> **What is expected**:
Your answer should be the lines below from the one holding "Smile chat, Bitcoin" through the one holding "Salt & Stone", copied exactly and with nothing else.

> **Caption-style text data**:
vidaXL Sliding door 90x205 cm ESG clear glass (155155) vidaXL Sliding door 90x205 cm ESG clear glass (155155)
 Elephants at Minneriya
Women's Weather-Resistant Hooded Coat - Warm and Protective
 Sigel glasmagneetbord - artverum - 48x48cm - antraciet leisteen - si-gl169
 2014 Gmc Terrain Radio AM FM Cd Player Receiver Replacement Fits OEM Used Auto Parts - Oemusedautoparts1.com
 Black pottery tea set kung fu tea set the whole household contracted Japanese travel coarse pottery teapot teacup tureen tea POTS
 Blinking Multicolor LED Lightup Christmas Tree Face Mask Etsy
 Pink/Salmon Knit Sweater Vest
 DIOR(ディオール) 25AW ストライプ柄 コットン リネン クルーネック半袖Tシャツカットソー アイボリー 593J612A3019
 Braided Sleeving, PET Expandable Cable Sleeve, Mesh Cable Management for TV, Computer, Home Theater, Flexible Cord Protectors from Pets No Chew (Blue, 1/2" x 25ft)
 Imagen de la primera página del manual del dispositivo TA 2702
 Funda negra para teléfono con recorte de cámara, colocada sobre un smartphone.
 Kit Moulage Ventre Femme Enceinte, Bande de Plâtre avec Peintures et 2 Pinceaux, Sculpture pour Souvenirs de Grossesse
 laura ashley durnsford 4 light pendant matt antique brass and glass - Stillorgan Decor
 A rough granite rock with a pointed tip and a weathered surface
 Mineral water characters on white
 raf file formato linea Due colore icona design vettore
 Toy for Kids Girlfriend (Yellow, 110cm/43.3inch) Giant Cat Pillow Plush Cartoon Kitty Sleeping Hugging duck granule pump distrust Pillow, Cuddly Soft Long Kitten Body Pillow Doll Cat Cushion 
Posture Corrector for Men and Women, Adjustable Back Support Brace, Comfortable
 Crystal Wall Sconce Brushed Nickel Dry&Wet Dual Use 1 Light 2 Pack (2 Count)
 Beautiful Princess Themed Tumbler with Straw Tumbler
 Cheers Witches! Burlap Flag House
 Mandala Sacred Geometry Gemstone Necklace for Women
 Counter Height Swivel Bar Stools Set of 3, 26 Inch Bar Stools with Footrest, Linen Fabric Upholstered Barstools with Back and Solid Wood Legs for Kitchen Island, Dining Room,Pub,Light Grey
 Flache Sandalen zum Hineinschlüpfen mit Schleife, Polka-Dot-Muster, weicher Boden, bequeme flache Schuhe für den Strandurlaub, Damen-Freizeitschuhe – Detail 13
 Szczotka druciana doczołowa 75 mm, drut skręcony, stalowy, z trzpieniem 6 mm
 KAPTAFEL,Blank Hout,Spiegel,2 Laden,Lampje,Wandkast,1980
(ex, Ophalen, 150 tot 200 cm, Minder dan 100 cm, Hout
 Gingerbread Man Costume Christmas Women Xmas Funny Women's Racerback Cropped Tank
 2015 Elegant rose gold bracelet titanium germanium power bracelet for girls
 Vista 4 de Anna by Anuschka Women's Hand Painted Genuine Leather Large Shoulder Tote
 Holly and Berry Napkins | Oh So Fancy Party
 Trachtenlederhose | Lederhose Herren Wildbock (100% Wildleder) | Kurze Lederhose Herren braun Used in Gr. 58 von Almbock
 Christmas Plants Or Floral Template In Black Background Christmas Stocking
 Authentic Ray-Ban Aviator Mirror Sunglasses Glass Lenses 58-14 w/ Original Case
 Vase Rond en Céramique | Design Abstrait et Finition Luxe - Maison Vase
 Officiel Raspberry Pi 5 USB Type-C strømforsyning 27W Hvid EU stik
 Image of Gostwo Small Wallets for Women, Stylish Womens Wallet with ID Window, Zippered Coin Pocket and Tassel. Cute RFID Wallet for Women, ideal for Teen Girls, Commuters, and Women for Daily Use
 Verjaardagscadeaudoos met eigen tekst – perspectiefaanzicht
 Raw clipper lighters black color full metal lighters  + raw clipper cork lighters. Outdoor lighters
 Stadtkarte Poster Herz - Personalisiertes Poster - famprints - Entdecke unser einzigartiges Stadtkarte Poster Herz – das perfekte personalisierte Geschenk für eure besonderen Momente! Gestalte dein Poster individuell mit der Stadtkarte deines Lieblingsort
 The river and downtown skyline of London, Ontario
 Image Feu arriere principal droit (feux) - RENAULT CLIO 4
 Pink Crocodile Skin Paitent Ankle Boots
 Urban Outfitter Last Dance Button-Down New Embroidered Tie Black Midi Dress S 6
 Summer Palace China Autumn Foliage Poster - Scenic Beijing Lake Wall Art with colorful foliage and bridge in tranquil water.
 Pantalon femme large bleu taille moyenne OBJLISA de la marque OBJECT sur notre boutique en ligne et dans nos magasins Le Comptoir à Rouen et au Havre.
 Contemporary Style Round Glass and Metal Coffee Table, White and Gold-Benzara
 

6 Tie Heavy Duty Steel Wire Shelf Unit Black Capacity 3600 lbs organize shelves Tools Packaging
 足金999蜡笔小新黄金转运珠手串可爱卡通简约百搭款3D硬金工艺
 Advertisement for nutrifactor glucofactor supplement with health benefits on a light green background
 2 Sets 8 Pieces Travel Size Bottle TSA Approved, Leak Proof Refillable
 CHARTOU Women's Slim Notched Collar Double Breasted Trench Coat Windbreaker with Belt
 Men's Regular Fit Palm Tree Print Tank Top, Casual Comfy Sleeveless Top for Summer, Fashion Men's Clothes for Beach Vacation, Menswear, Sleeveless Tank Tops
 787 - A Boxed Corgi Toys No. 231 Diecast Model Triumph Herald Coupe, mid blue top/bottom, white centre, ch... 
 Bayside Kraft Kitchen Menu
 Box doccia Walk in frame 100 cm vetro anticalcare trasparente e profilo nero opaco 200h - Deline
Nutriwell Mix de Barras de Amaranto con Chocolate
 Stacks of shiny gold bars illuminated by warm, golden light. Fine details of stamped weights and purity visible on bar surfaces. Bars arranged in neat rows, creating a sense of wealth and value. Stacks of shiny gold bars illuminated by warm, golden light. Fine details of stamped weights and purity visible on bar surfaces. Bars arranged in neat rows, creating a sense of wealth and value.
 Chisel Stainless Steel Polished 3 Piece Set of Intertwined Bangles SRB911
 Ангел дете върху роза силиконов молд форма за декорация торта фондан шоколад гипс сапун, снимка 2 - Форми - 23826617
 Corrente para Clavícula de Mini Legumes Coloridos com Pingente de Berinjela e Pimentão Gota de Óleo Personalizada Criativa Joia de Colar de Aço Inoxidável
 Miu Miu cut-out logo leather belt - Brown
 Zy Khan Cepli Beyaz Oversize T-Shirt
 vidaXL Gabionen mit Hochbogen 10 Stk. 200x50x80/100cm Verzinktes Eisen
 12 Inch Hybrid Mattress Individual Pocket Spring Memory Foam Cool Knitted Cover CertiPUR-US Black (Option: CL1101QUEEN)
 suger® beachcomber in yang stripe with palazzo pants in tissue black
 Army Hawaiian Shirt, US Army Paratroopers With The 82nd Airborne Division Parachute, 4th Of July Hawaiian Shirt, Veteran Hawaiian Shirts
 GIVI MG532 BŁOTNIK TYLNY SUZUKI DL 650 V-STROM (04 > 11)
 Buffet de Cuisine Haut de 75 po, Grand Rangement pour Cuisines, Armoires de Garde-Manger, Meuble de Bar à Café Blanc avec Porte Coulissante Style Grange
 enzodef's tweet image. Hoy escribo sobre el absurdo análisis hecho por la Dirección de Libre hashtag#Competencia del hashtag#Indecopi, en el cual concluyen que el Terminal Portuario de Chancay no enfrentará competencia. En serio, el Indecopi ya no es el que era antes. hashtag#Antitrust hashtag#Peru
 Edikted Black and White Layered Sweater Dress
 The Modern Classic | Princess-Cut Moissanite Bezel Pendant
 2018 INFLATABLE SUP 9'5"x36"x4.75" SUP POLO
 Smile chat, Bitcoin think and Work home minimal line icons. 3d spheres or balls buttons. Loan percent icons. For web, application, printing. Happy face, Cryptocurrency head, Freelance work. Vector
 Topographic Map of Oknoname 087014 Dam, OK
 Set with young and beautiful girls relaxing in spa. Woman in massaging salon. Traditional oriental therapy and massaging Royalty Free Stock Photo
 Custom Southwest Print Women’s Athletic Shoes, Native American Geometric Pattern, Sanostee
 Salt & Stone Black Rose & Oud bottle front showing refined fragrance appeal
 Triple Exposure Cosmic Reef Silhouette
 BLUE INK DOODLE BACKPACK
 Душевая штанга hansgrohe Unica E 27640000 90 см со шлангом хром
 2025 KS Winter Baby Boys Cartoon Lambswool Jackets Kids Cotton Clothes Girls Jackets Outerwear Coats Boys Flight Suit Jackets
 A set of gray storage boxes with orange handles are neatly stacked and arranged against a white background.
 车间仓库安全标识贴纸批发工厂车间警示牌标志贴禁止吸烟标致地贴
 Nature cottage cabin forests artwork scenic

> **Output below**:
 Smile chat, Bitcoin think and Work home minimal line icons. 3d spheres or balls buttons. Loan percent icons. For web, application, printing. Happy face, Cryptocurrency head, Freelance work. Vector
 Topographic Map of Oknoname 087014 Dam, OK
 Set with young and beautiful girls relaxing in spa. Woman in massaging salon. Traditional oriental therapy and massaging Royalty Free Stock Photo
 Custom Southwest Print Women’s Athletic Shoes, Native American Geometric Pattern, Sanostee
 Salt & Stone Black Rose & Oud bottle front showing refined fragrance appeal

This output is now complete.